Trevor and fellow artists Patrick Doherty, Mike Davies, Chris McBride and Vaughn DeCosta, who last collaborated on a graffiti-writing project in 2011, are working towards an exhibition which will include experimental pieces.

‘Each suburb and each neighbourhood has an aesthetic that represents that locale,’ said Trevor, who has won numerous City of Joondalup art awards.

‘Some have colours, landmarks, codes of conduct and some have locals that define the area but each one is unique to that site.

‘Chris McBride associates black and red with Craigie while a more common Fremantle association would be purple, white and red, which represent the football club and area.

‘Along with these icons are the suburb signifiers, the postcodes, which specify boundaries and attribute people to those boundaries.

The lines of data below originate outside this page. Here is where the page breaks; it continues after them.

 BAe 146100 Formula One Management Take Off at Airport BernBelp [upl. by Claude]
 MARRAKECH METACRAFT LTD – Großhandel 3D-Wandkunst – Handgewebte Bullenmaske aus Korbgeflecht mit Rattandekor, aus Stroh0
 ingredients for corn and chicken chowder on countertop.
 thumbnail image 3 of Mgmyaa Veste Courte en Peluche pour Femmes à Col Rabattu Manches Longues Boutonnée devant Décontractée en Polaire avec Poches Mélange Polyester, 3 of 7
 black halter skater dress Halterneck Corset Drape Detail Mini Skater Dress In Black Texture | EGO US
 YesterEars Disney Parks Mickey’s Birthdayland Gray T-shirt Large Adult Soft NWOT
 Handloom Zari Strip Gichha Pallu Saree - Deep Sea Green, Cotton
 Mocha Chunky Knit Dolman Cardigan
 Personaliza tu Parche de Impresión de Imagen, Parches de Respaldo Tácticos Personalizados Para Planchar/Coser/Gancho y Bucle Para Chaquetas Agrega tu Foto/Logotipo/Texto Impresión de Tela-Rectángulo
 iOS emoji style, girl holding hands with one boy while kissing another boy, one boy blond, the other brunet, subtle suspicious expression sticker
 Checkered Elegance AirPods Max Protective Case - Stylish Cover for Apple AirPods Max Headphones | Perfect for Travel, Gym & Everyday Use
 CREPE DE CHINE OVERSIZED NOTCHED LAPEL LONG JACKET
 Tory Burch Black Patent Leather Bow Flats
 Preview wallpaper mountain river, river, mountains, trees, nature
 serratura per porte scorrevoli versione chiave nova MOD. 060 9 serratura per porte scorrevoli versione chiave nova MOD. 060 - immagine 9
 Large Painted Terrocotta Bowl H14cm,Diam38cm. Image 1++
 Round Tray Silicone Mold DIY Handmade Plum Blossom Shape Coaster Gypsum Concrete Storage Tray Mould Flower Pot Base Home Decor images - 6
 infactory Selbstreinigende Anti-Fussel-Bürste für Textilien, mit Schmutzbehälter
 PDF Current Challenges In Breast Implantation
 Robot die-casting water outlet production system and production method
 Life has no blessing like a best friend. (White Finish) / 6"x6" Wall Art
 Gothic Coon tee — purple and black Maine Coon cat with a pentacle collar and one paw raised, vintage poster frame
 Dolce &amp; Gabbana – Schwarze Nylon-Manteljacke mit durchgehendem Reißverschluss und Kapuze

‘This residency will explore these concepts and the idea of suburban self-imposed and self-creating identities.

‘The artists I am working with all have a practice or style influenced by suburban living, even if it’s not apparent at first.’

Trained in printmaking, Trevor said he found himself mixing painting, aerosol paint and printing techniques to develop and refine his work.

‘I published a book (in 2011) about the culture of graffiti writing on the (former) Craigie High School’s walls called Craigie Tales,’ he said.

‘The Craigie Tales project was the last exhibition we (artists) were involved in, which is why the opportunity in Fremantle is so important, to keep those artistic collaborations fresh and constantly evolving.’

Trevor has worked on various community mural projects and, with council youth workers offers urban art workshops.

‘I think it is important to create these arts opportunities for young people and to make it accessible for youth to build their own idea of culture and identity,’ he said.